Are We Losing the War Against Militancy?
For almost two days, Jandola – a dusty small town on the main road into South Waziristan – was at the mercy of armed followers of Baitullah Mehsud. They pulled out members of rival tribes from their homes and executed them after a summary trial. It all happened close to the Frontier Corps headquarters, but no one dared to challenge the marauders. Thirty seven people had been killed before the army arrived in the town. Organised under the banner of the Tehrik-e-Taliban Pakistan, the militants led by Mehsud have extended their influence into a large swathe of NWFP, seeking to enforce a Taliban-style Islamic rule.
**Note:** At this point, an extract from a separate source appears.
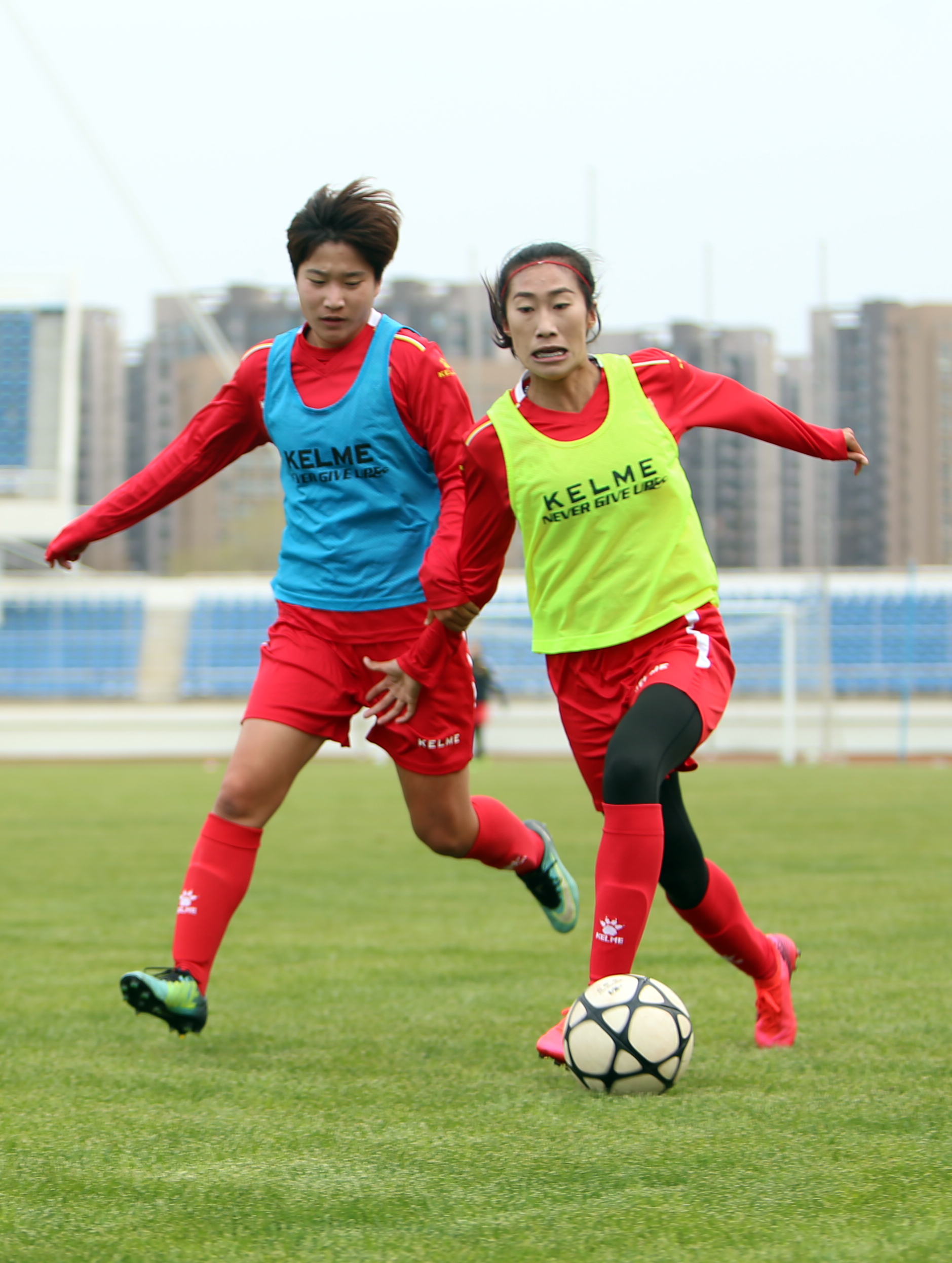 纪录片中足球场上的女队卓越表现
A couple of days later, the long-haired, bearded followers of another militant commander, Mangal Bagh, raided a residential quarter inside a large government hospital in Peshawar, kidnapped 16 members of the Christian community and took them to the Khyber agency. The local administration secured their release a few hours later. But the incident heightened insecurity among non-Muslims.
Mangal Bagh, who had worked as a bus cleaner before turning to militancy, has hundreds of heavily armed men organised under the banner of Lashkar-e-Islam. The group has placed Peshawar virtually under siege for the past several months. It controlled the key arterial roads and was in a position to cut off communications at will.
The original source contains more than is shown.